• Problem details
Return the tail of the records exactly, starting from the line containing "在飛比找蝦皮商城優惠-D-LINK DCS-6500LHV2 Full HD 迷你" and ending with the final line.

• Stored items
■ ■ ■

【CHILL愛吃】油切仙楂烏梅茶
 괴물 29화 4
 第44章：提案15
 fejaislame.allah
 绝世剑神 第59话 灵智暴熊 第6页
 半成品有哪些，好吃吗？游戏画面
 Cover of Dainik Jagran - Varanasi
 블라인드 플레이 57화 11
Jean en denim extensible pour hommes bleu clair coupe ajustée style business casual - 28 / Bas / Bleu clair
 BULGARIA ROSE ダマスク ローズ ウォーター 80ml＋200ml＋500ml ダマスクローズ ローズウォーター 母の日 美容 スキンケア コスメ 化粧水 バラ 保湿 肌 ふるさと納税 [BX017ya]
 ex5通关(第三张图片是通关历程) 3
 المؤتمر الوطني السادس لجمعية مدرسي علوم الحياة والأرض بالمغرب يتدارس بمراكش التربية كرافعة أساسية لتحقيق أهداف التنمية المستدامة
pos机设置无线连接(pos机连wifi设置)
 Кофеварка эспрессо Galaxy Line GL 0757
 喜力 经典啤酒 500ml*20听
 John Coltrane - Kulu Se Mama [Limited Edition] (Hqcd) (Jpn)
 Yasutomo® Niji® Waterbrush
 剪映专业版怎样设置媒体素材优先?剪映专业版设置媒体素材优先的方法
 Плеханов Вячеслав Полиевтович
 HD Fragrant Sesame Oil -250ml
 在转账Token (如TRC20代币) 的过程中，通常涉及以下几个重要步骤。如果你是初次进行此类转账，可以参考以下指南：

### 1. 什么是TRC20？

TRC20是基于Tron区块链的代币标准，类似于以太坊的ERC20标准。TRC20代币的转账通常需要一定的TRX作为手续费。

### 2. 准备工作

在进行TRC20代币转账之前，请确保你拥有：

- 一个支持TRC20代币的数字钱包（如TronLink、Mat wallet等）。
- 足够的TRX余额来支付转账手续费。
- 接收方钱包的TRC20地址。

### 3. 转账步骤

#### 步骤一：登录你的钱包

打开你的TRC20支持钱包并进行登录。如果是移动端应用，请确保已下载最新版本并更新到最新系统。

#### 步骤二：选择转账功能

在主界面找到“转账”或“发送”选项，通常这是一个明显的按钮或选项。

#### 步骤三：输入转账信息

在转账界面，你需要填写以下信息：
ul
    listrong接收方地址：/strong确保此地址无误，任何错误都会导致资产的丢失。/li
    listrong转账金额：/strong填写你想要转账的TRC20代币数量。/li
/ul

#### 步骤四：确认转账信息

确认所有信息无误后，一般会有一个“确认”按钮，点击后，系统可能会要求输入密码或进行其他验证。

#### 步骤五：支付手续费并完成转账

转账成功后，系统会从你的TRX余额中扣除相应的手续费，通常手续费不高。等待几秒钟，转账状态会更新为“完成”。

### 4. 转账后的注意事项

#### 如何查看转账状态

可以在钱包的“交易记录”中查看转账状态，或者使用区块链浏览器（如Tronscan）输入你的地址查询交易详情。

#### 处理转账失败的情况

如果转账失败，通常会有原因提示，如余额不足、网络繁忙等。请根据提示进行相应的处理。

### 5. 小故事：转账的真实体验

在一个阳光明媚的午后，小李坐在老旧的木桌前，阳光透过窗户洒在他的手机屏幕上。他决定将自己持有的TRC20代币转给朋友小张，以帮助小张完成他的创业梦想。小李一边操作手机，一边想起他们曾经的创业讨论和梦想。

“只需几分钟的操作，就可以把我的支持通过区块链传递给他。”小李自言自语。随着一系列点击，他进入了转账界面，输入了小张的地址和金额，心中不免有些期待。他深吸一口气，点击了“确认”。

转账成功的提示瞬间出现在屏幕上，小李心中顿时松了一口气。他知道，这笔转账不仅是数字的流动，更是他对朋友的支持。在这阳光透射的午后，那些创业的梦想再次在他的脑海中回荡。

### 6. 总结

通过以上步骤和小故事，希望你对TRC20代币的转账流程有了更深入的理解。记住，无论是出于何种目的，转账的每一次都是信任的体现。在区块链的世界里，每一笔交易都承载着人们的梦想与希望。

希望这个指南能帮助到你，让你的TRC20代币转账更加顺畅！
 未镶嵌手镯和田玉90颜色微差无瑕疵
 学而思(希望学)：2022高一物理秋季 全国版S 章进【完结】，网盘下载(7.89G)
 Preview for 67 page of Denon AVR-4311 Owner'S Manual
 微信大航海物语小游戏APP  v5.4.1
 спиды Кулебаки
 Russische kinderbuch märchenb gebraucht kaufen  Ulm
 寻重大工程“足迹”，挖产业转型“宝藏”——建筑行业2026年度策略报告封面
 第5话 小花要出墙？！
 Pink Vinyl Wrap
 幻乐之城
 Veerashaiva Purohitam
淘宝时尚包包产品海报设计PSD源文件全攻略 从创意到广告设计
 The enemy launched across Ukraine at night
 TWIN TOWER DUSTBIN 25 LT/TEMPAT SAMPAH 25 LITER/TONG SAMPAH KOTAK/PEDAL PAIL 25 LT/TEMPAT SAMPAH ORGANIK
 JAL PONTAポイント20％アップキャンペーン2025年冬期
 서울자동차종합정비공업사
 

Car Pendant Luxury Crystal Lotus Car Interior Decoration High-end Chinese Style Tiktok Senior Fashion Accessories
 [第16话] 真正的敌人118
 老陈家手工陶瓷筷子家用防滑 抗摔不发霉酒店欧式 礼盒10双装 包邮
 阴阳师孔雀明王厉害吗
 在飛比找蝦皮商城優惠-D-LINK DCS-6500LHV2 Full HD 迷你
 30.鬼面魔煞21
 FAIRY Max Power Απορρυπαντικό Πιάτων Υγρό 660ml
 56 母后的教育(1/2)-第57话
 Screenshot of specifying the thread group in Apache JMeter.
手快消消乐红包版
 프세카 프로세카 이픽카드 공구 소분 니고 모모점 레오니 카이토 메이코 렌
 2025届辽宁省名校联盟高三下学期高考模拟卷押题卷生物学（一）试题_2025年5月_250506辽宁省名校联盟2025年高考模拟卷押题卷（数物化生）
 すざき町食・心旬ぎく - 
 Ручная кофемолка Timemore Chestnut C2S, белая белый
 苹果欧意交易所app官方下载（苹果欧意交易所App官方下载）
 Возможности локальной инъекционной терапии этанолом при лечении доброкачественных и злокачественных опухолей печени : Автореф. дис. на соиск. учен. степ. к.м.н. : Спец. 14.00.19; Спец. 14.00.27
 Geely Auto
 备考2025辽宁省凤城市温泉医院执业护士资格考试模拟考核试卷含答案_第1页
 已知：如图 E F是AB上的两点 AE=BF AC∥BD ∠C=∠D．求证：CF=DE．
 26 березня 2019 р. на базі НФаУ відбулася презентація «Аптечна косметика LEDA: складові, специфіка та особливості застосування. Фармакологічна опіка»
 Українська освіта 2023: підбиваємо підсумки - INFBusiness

■ ■ ■

• Task answer
 在飛比找蝦皮商城優惠-D-LINK DCS-6500LHV2 Full HD 迷你
 30.鬼面魔煞21
 FAIRY Max Power Απορρυπαντικό Πιάτων Υγρό 660ml
 56 母后的教育(1/2)-第57话
 Screenshot of specifying the thread group in Apache JMeter.
手快消消乐红包版
 프세카 프로세카 이픽카드 공구 소분 니고 모모점 레오니 카이토 메이코 렌
 2025届辽宁省名校联盟高三下学期高考模拟卷押题卷生物学（一）试题_2025年5月_250506辽宁省名校联盟2025年高考模拟卷押题卷（数物化生）
 すざき町食・心旬ぎく - 
 Ручная кофемолка Timemore Chestnut C2S, белая белый
 苹果欧意交易所app官方下载（苹果欧意交易所App官方下载）
 Возможности локальной инъекционной терапии этанолом при лечении доброкачественных и злокачественных опухолей печени : Автореф. дис. на соиск. учен. степ. к.м.н. : Спец. 14.00.19; Спец. 14.00.27
 Geely Auto
 备考2025辽宁省凤城市温泉医院执业护士资格考试模拟考核试卷含答案_第1页
 已知：如图 E F是AB上的两点 AE=BF AC∥BD ∠C=∠D．求证：CF=DE．
 26 березня 2019 р. на базі НФаУ відбулася презентація «Аптечна косметика LEDA: складові, специфіка та особливості застосування. Фармакологічна опіка»
 Українська освіта 2023: підбиваємо підсумки - INFBusiness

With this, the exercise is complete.